***** Task inputs *****

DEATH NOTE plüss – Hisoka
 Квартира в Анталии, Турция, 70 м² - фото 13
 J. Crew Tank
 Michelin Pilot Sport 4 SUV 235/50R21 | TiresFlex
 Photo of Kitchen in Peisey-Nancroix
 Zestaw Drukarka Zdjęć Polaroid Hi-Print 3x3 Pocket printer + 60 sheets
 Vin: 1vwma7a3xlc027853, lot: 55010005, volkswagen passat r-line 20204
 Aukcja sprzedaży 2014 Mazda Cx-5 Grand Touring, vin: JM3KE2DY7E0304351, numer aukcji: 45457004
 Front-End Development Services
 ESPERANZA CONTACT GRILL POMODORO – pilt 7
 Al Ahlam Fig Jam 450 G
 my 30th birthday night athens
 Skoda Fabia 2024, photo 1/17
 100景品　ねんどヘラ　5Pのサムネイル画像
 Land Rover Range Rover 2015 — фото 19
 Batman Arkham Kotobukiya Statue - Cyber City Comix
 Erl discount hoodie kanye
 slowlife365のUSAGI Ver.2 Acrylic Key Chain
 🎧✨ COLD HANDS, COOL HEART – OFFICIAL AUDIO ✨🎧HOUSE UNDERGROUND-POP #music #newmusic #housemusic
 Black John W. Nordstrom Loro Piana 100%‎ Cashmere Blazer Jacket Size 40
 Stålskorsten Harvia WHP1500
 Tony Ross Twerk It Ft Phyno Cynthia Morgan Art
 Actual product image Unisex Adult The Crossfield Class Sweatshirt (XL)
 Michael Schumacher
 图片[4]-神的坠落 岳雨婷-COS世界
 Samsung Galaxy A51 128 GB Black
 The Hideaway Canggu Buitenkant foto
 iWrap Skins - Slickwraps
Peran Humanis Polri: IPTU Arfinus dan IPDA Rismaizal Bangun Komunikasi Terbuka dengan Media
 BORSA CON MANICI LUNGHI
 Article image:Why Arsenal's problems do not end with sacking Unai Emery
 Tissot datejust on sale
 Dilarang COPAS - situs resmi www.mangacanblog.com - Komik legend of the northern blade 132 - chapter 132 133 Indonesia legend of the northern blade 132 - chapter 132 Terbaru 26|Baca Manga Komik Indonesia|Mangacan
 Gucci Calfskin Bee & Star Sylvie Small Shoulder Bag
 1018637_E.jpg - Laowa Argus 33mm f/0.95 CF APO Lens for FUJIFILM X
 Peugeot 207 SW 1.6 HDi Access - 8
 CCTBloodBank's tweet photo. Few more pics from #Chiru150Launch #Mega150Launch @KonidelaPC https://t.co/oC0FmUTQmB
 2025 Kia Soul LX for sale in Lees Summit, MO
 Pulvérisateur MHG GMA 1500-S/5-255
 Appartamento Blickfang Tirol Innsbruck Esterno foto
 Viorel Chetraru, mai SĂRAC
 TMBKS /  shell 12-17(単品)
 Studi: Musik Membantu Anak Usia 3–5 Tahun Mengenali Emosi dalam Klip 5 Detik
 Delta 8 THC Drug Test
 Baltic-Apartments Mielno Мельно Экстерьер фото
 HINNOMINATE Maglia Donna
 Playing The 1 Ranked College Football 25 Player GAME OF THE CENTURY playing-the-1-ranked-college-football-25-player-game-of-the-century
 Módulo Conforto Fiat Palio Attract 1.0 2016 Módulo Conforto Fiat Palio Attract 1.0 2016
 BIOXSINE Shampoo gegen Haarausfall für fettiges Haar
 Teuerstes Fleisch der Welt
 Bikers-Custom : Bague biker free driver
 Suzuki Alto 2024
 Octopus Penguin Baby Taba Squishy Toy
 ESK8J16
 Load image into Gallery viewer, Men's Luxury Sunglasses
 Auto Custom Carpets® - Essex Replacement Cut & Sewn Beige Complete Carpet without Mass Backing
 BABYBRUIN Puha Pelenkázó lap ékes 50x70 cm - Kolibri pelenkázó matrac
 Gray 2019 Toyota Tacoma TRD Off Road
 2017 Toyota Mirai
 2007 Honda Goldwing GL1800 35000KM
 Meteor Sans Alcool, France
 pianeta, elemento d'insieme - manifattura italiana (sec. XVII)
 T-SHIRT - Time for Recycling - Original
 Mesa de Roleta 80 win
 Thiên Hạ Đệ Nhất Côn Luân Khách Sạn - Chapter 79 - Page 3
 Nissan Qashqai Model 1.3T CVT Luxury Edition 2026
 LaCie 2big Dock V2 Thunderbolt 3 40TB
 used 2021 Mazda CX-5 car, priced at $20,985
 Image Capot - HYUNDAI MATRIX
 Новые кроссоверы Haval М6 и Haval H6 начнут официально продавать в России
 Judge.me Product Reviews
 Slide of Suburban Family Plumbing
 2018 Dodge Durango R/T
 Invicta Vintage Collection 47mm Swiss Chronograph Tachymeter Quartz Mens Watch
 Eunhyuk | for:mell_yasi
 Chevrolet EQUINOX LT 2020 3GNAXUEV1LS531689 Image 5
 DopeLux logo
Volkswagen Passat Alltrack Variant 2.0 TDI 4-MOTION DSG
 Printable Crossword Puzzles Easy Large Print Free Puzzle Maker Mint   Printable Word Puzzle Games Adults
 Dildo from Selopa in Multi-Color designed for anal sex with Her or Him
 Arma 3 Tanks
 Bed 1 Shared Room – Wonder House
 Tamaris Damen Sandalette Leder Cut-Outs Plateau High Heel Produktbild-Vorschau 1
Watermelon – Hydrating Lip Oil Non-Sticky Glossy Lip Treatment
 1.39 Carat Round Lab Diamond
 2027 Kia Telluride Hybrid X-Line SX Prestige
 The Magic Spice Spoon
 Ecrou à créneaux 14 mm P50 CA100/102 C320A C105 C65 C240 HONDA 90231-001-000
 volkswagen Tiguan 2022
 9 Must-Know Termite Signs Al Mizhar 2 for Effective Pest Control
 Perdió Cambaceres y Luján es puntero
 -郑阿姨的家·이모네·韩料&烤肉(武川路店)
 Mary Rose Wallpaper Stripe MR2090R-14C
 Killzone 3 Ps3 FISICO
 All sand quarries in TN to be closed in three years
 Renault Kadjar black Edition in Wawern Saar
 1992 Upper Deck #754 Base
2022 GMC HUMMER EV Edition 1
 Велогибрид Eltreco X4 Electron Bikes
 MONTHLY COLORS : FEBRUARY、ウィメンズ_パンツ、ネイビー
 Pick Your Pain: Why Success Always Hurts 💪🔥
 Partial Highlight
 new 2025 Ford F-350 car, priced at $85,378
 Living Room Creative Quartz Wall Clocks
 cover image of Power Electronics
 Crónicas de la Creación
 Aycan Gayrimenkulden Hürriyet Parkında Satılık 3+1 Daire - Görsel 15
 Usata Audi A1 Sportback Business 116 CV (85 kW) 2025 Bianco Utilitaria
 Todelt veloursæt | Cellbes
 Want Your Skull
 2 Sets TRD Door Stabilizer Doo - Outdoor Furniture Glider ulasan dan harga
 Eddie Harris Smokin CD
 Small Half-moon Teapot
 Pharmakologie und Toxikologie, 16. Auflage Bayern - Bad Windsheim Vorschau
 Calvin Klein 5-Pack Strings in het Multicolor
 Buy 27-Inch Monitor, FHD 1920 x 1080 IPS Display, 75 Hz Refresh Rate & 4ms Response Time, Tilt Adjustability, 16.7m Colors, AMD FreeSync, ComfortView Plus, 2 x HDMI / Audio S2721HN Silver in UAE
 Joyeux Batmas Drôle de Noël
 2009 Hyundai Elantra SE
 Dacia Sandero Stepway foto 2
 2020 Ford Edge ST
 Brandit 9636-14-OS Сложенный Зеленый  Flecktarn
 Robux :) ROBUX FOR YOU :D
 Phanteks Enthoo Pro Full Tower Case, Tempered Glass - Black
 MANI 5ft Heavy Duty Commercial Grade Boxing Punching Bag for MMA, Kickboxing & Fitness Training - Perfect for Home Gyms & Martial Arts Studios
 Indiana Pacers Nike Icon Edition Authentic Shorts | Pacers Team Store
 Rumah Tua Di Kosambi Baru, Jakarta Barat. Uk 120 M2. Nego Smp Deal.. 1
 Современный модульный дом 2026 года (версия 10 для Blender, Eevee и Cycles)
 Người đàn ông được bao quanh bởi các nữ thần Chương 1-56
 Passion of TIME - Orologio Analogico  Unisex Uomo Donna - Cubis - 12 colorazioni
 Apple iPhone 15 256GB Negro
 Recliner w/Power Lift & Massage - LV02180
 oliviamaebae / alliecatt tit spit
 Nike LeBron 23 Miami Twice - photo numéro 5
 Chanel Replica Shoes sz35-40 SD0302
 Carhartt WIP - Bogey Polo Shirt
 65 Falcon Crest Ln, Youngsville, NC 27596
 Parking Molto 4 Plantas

*****

■ Directions for this task ■
Please copy, exactly as written, every line in the listing above from the line with "Zestaw Drukarka Zdjęć" up to and including the line with "Peran Humanis Polri: IPTU".

■ Exercise output ■
 Zestaw Drukarka Zdjęć Polaroid Hi-Print 3x3 Pocket printer + 60 sheets
 Vin: 1vwma7a3xlc027853, lot: 55010005, volkswagen passat r-line 20204
 Aukcja sprzedaży 2014 Mazda Cx-5 Grand Touring, vin: JM3KE2DY7E0304351, numer aukcji: 45457004
 Front-End Development Services
 ESPERANZA CONTACT GRILL POMODORO – pilt 7
 Al Ahlam Fig Jam 450 G
 my 30th birthday night athens
 Skoda Fabia 2024, photo 1/17
 100景品　ねんどヘラ　5Pのサムネイル画像
 Land Rover Range Rover 2015 — фото 19
 Batman Arkham Kotobukiya Statue - Cyber City Comix
 Erl discount hoodie kanye
 slowlife365のUSAGI Ver.2 Acrylic Key Chain
 🎧✨ COLD HANDS, COOL HEART – OFFICIAL AUDIO ✨🎧HOUSE UNDERGROUND-POP #music #newmusic #housemusic
 Black John W. Nordstrom Loro Piana 100%‎ Cashmere Blazer Jacket Size 40
 Stålskorsten Harvia WHP1500
 Tony Ross Twerk It Ft Phyno Cynthia Morgan Art
 Actual product image Unisex Adult The Crossfield Class Sweatshirt (XL)
 Michael Schumacher
 图片[4]-神的坠落 岳雨婷-COS世界
 Samsung Galaxy A51 128 GB Black
 The Hideaway Canggu Buitenkant foto
 iWrap Skins - Slickwraps
Peran Humanis Polri: IPTU Arfinus dan IPDA Rismaizal Bangun Komunikasi Terbuka dengan Media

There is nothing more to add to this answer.